Life encompasses several uncertainties. One of the most prominent and inevitable uncertainties of life is death. We often refer it to as a debt owed by every living being, hence no one can escape it. Having this in mind, it is important to provide for and prepare ahead of the unexpected.
In view of the above, life Insurance is an effective and reliable coverage to secure the financial future of your family and loved ones. However, when you secure a life insurance policy, you are most likely to come across the word “Sum Assured”. This article examines the meaning and calculation of Sum Assured.
What is Sum Assured?
The Collins English dictionary defines sum assured as: “the amount payable on the occurrence of an event insured against under a benefit policy, such as the death of the insured.”
In other words, the sum assured is an amount of money which they entitle a beneficiary to at the death of the benefactor. That is, an amount he derives from the life insurance policy of another, and receives in case of such person’s death. We also know the sum assured as the coverage or the cover of your insurance policy.
Furthermore, the Cambridge dictionary defines sum assured as a minimum amount that someone you have named in an insurance document will receive when you die.
How Sum Assured Works?
We can regard this policy as a financial safety plan. This is because it provides for after-death insurance coverage. The general notion behind this policy is that they pay the amount of insurance money out when someone dies.
Consequently, in case of your demise, your family or loved ones will receive the death benefit. With this benefit, they can manage and secure their various expenses.
Additionally, where the event of such an unfortunate demise is due to an accident, it entitles your family to 100 percent of the sum assured.
Also, in the case of a loan, at maturity, you can use the endowment policy to repay the loan; that is, if the borrower dies before maturity, the sum assured will repay the loan.
Generally, the sum assured is the amount of money an insurance policy guarantees to pay up before the addition of any other bonuses. Hence, Sum assured is the value of the insurance cover provided at the time of buying the insurance policy. Therefore, in the case of any eventuality, like death, the sum assured is the amount they pay to the beneficiary.
Basic Features of Sum Assured?
The following are the basic features that effects a sum assured policy:
- The sum assured depends on the income of the person. Typically here, they permit up to a maximum of 10 times of your annual income, as the sum assured.
- Where the Sum assured is computed in terms of expenses, there usually exists accountability. This is often of at least 12-15 times the annual expenses with debt obligations, such as a home loan.
- Any Sum assured ought to be more than 10 times the annual premium. They provide this under Section 80C of the applicable legislation.
How is the Sum assured Calculated?
There are numerous ways to calculate the sum assured for your life insurance policy. One of the most prominent methods is Human Life Value (HLV).

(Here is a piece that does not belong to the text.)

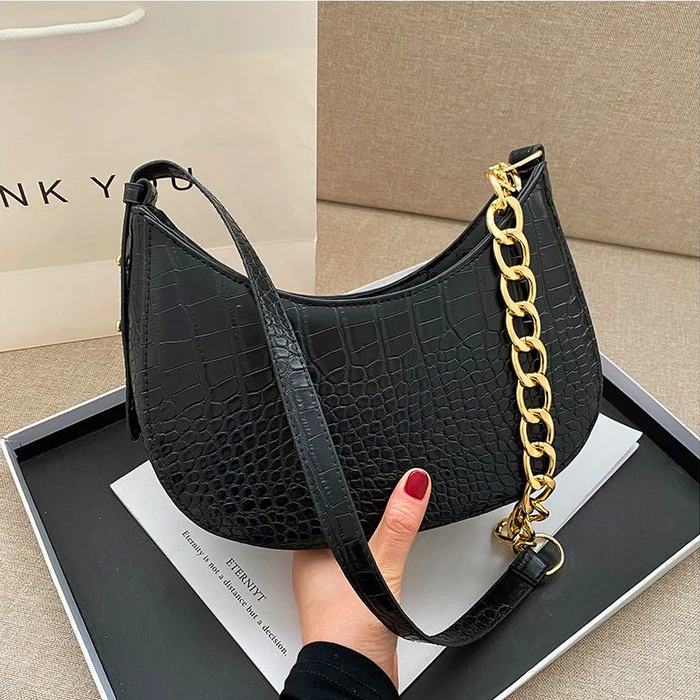 

New fashion PU leather crocodile grain casual Handbag Solid color Underarm Messenger bag for women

This method calculates the sum assured based on your current and future expenses, together with your present and future earnings, as well as your age.
In Group Life insurance, sum assured is calculated by multiplying the insured’s annual emolument by 3. While for Individual Life they calculate it based on the total premium contribution over the life span of the contract
However, making use of the Human Life Value calculation method isn’t difficult. U can find the calculators online to discover your HLV and select the right sum assured.
While there are now many types of life insurance plans available for every need, one of the constant features as mentioned above is the calculation of sum assured and premium. They exist in every policy, and getting the necessary knowledge about them is vital.